─── Records provided
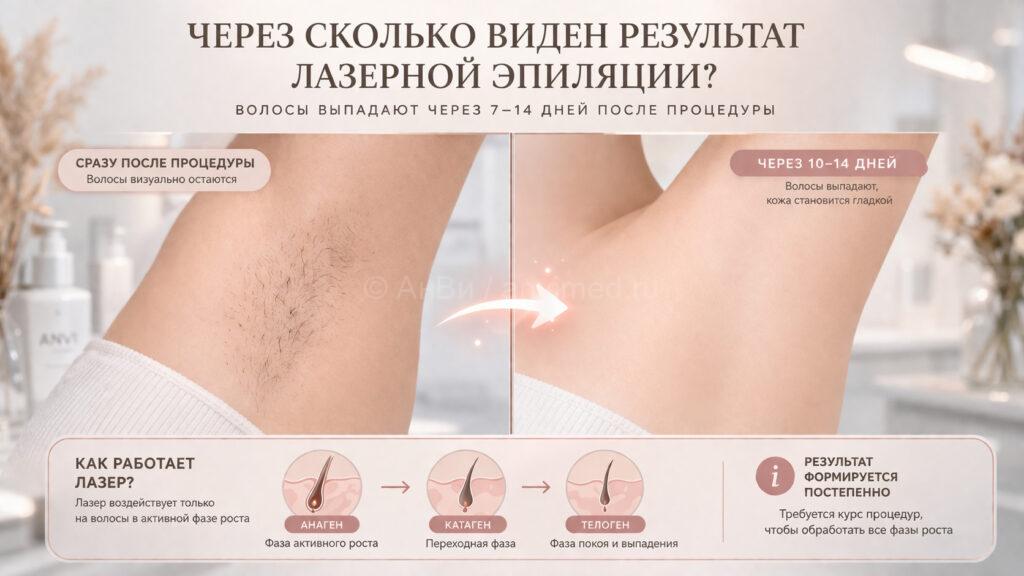 Через сколько виден результат лазерной эпиляции — выпадение волос через 7–14 дней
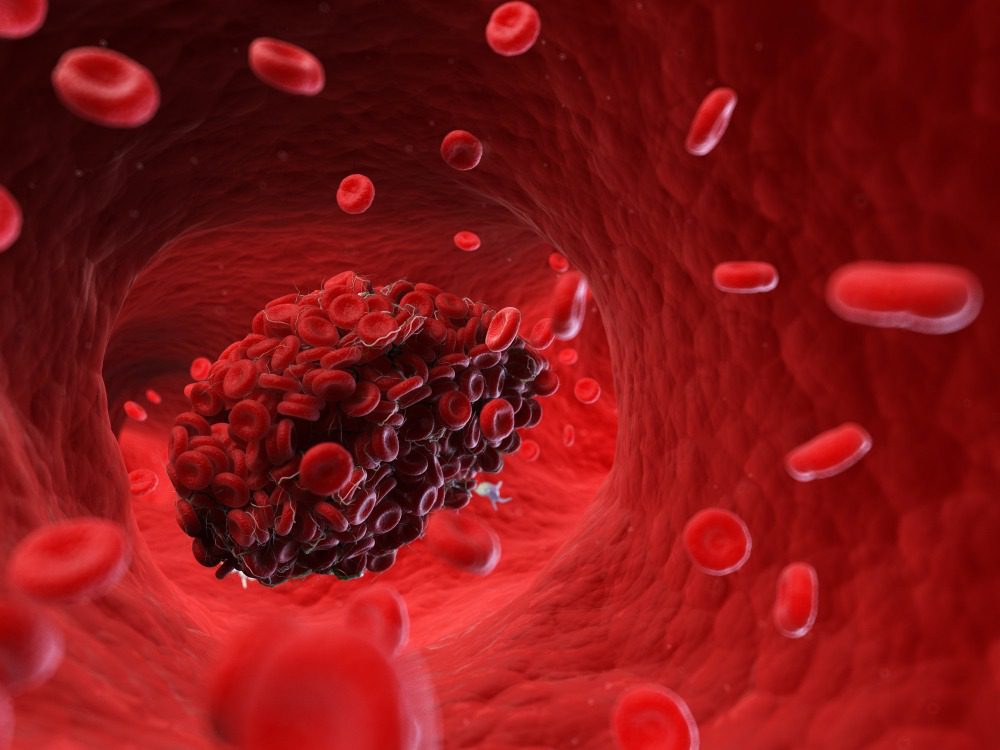 10 Ways To Identify A Dangerous Blood Clot Before Its Too 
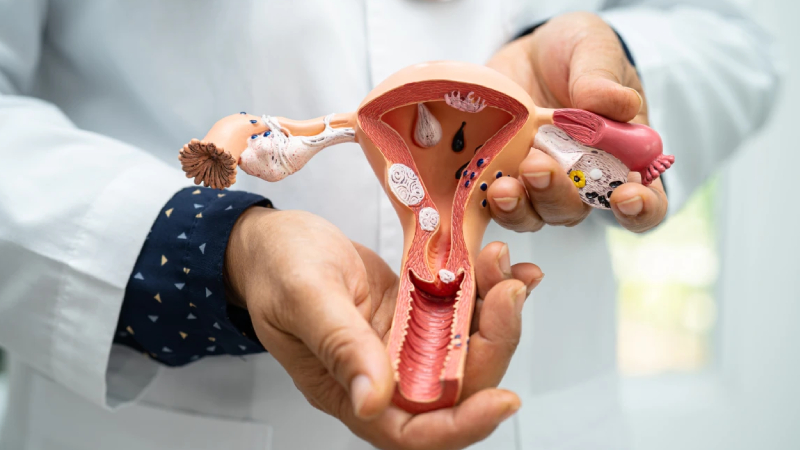 uzmani anlatti her on kadindan birinde polikistik over sendromu gorulebilir Zxzm9Bzf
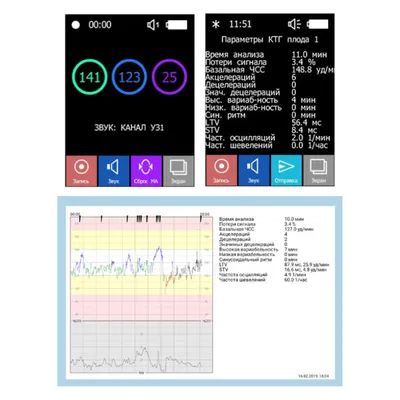 КТГ плода | Медицинский Центр Доктора Аладинской В.В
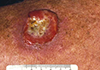 Nodular Melanoma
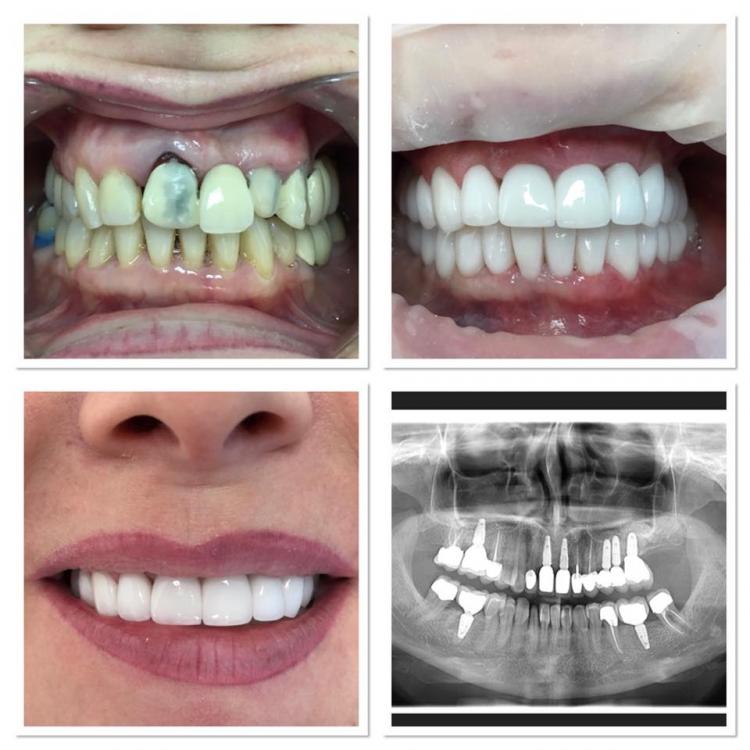 Fațete dentare / veneers — 1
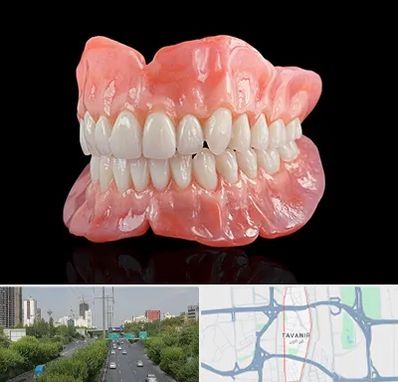 ساخت دندان مصنوعی در توانیر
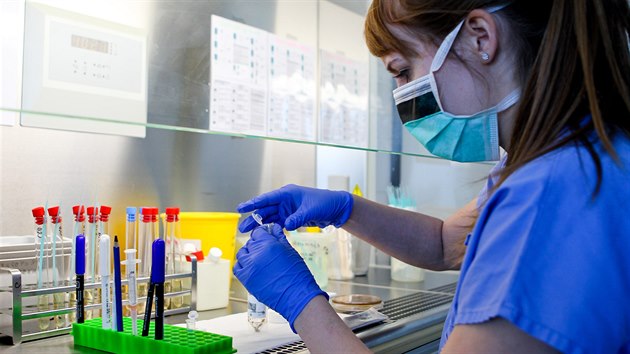 V Ústavu mikrobiologie olomoucké fakultní nemocnice se každý den testují vzorky na koronavirus.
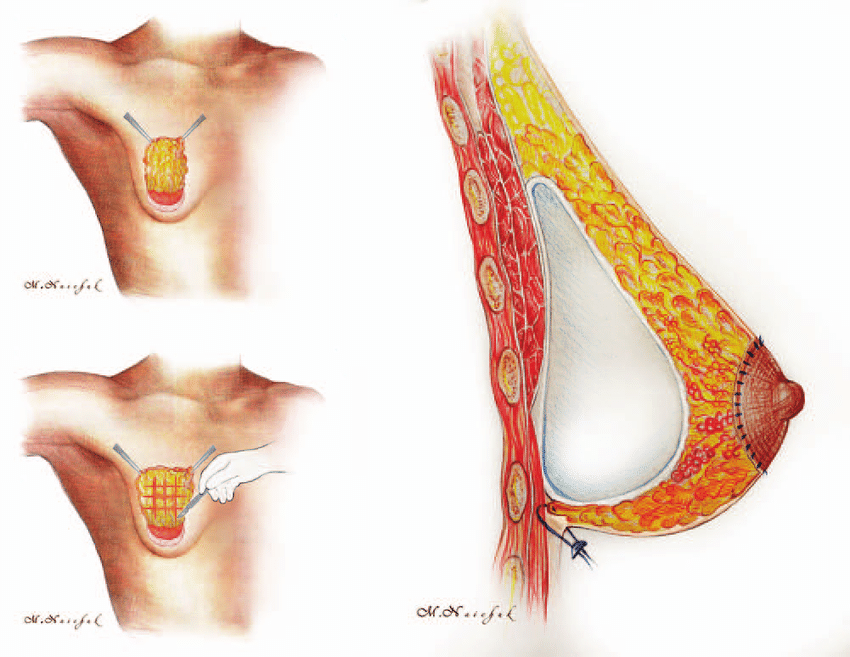Breast Augmentation Surgery For Tubular Breasts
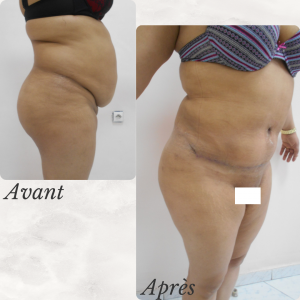Dr Berrada Khalid - Chirurgien esthétique et plastique à Fès ABDOMINOPLASTIE dr berrada khalid photo avant apres1 22 chirurgie de la Silhouette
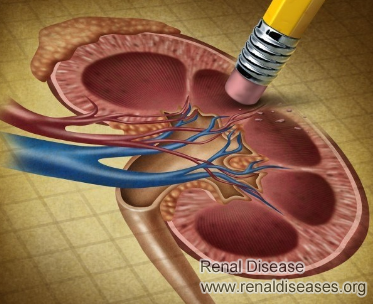 What Could Be Done If You Have 20% Function of Your Kidney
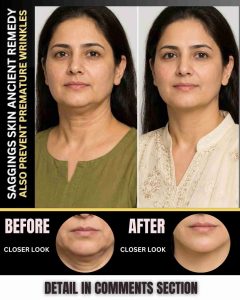 Ancient Natural Remedies to Tighten Sagging Skin and Prevent Premature Wrinkles by Skin Type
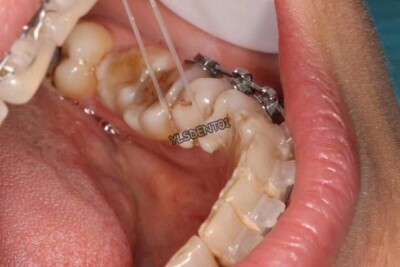 Kit De Démarrage Orthodontie Mini Injection - Brackets Lingual, Fils, Boutons, Pour Dentiste/étudiant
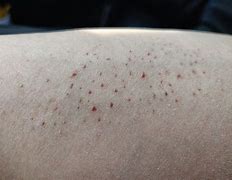 Image result for Trypophobia Skin Disease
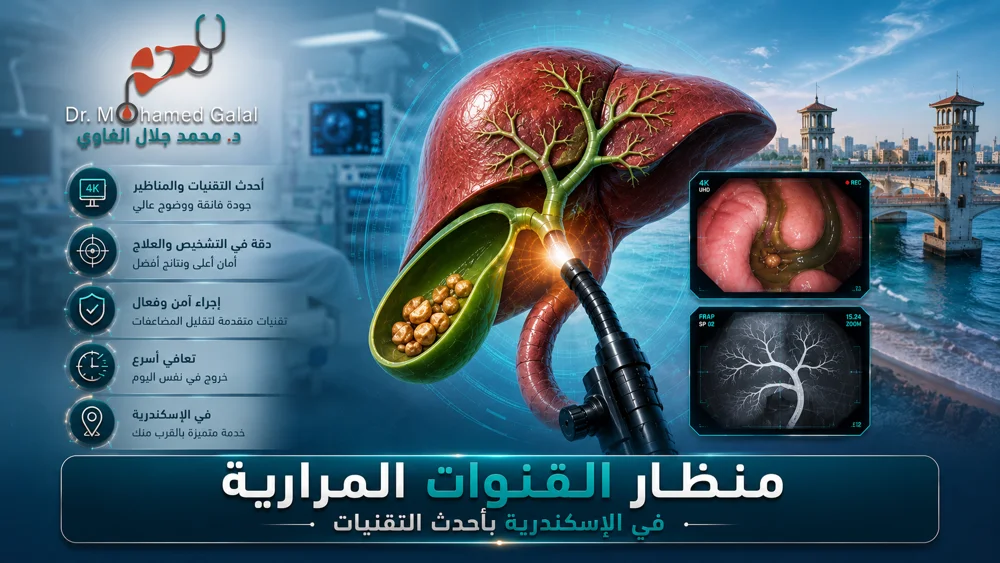 منظار القنوات المرارية في الإسكندرية بأحدث التقنيات
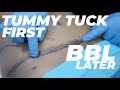 Why Dr. William Recommends a Tummy Tuck Before a BBL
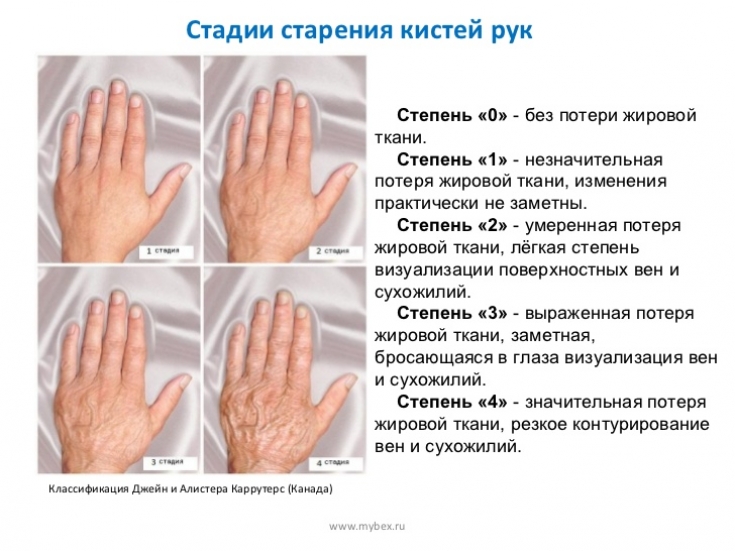 Карта изменения рук. Возрастные изменения кожи рук.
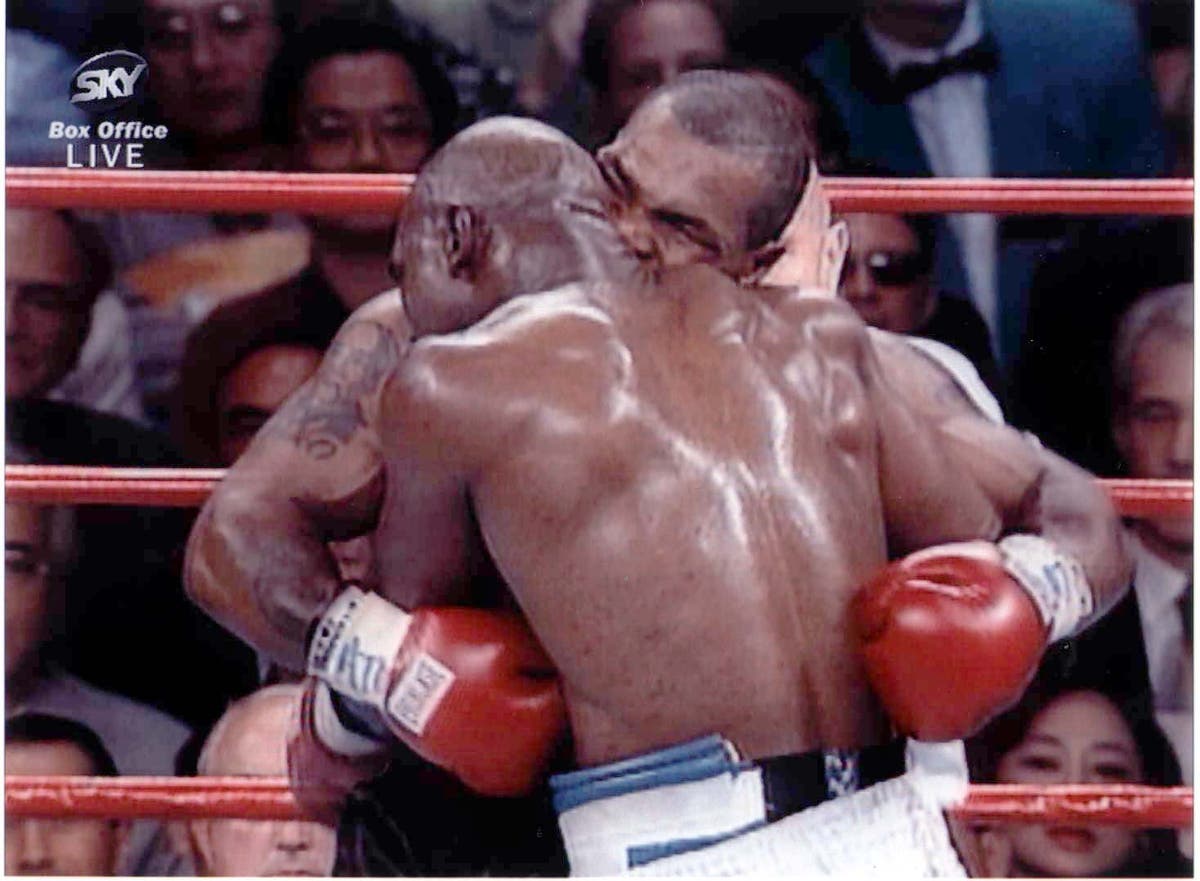 holyfield ear before and after 0023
──────
#### [Exercise instructions]
Beginning with the line that contains "Kit De Démarrage" and ending with the last line of the data above, output those lines exactly and nothing more, without any pictures.

#### [Result of this task]
 Kit De Démarrage Orthodontie Mini Injection - Brackets Lingual, Fils, Boutons, Pour Dentiste/étudiant
 Image result for Trypophobia Skin Disease
 منظار القنوات المرارية في الإسكندرية بأحدث التقنيات
 Why Dr. William Recommends a Tummy Tuck Before a BBL
 Карта изменения рук. Возрастные изменения кожи рук.
 holyfield ear before and after 0023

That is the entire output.